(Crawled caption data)

::::::::

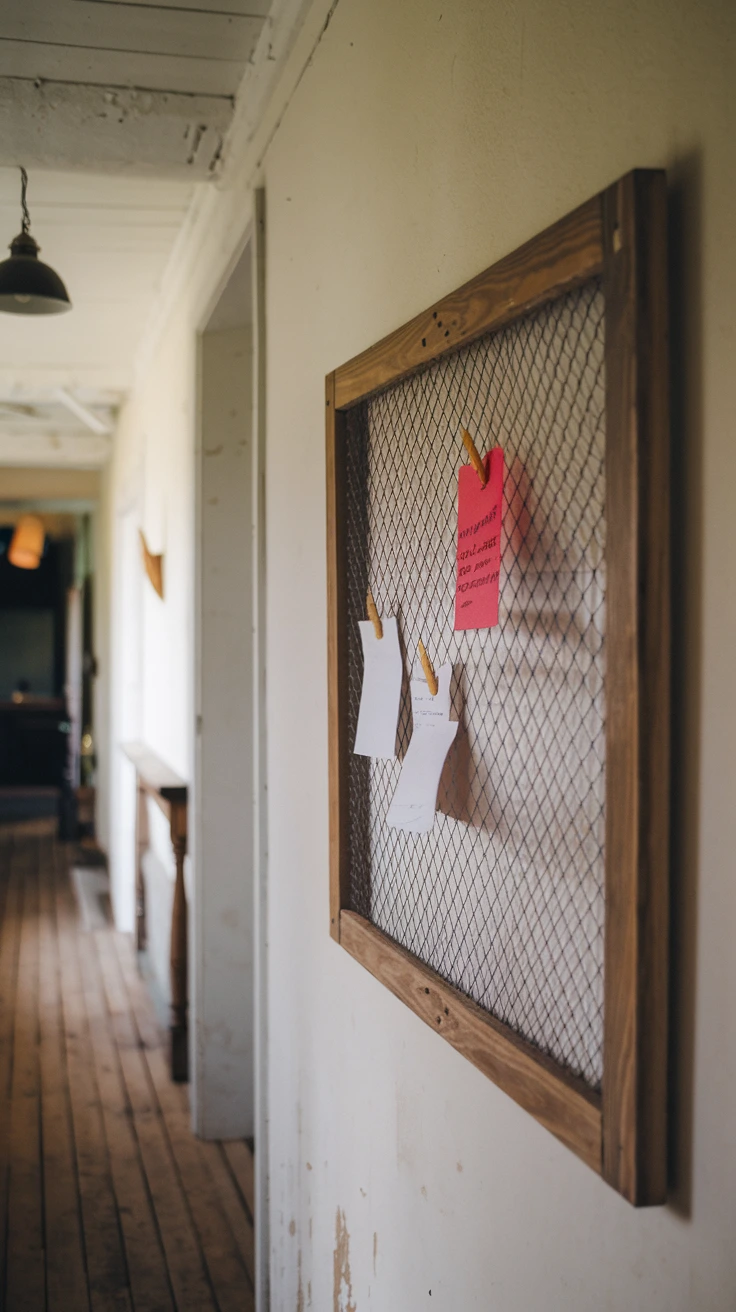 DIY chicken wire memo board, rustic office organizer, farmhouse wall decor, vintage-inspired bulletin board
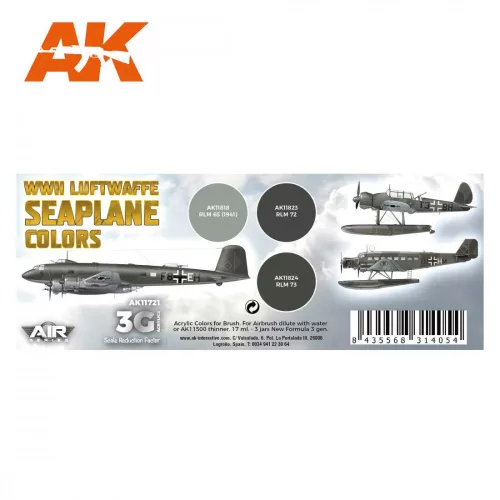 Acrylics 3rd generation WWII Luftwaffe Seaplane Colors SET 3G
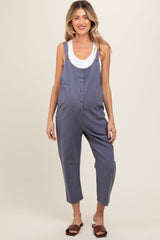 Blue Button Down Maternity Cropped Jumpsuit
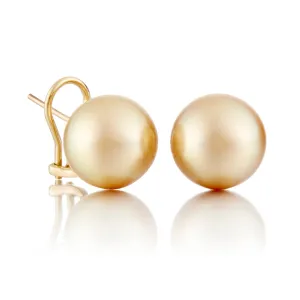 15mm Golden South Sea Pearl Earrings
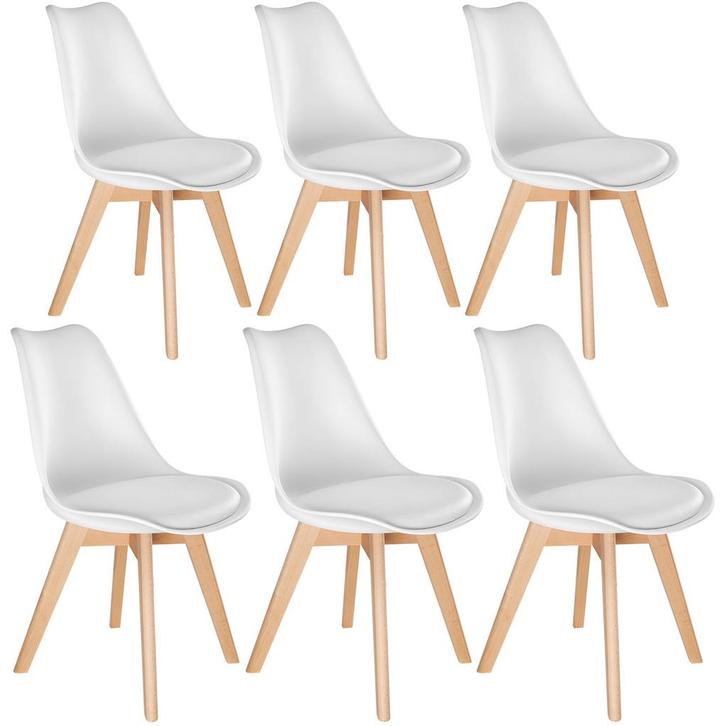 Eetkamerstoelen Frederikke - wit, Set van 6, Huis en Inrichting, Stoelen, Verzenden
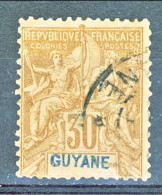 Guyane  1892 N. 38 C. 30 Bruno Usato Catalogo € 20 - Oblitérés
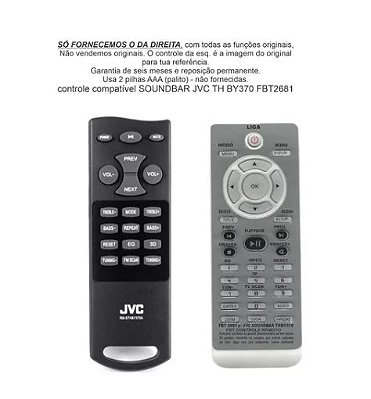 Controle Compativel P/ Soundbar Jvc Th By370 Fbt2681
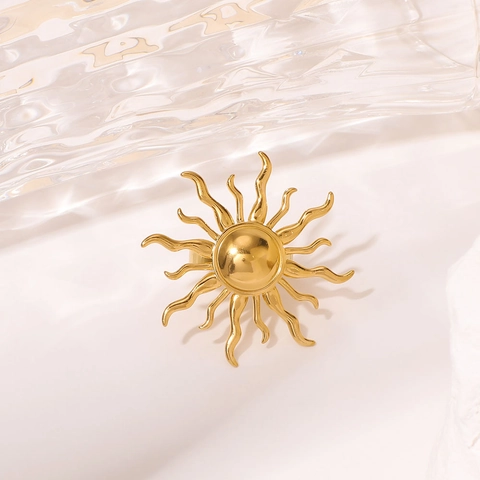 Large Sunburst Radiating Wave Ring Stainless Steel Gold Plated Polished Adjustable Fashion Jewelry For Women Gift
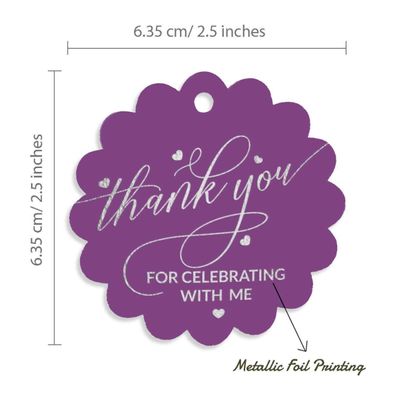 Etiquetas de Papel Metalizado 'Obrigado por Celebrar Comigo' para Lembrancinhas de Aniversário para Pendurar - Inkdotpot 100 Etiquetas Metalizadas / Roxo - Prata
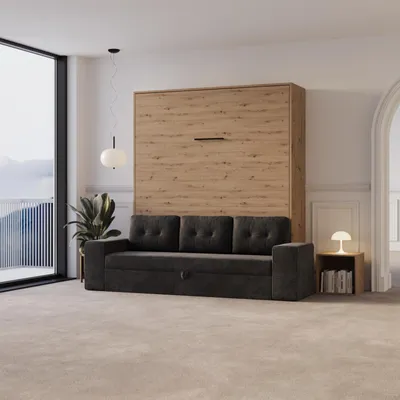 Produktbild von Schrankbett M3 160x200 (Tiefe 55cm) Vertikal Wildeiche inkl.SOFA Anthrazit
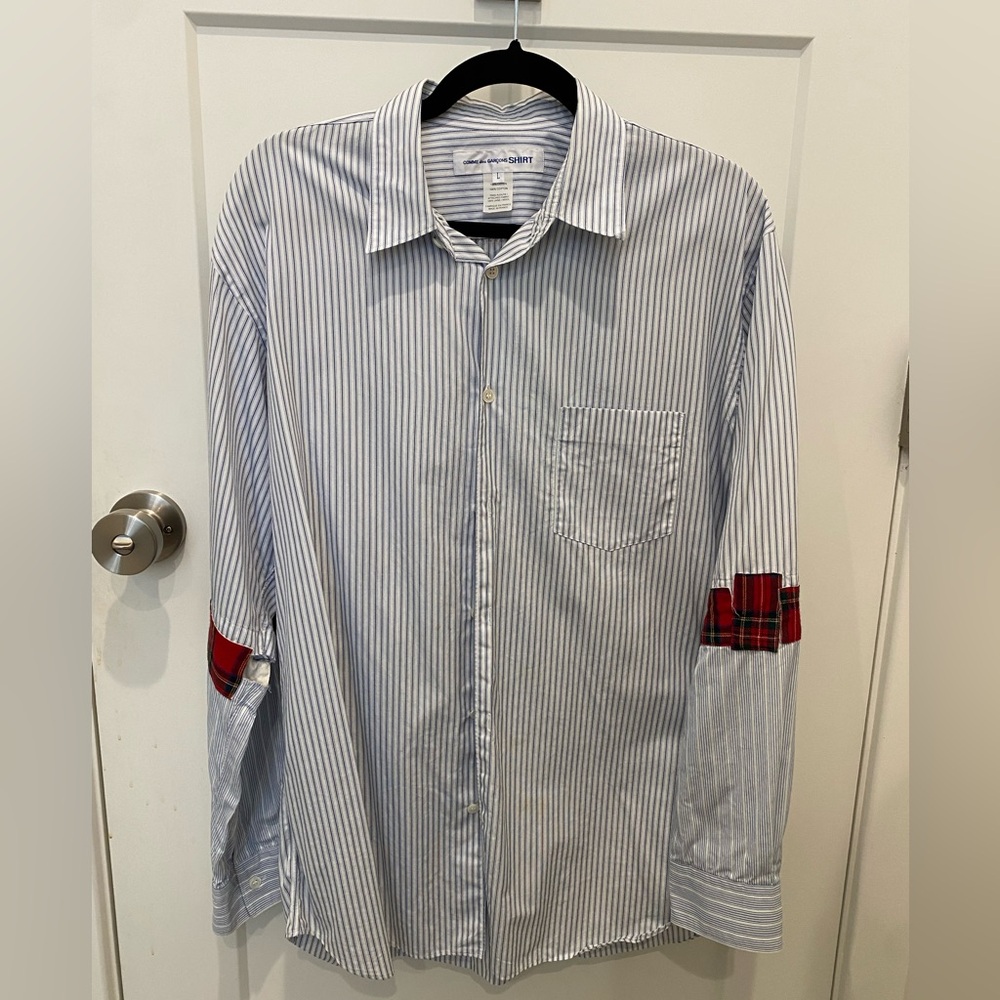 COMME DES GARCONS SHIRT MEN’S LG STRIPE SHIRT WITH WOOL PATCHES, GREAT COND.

::::::::

With the pictures left out, output the lines from the one containing "Large Sunburst Radiating" through the last line of the records above, exactly as they are.

 Large Sunburst Radiating Wave Ring Stainless Steel Gold Plated Polished Adjustable Fashion Jewelry For Women Gift
 Etiquetas de Papel Metalizado 'Obrigado por Celebrar Comigo' para Lembrancinhas de Aniversário para Pendurar - Inkdotpot 100 Etiquetas Metalizadas / Roxo - Prata
 Produktbild von Schrankbett M3 160x200 (Tiefe 55cm) Vertikal Wildeiche inkl.SOFA Anthrazit
 COMME DES GARCONS SHIRT MEN’S LG STRIPE SHIRT WITH WOOL PATCHES, GREAT COND.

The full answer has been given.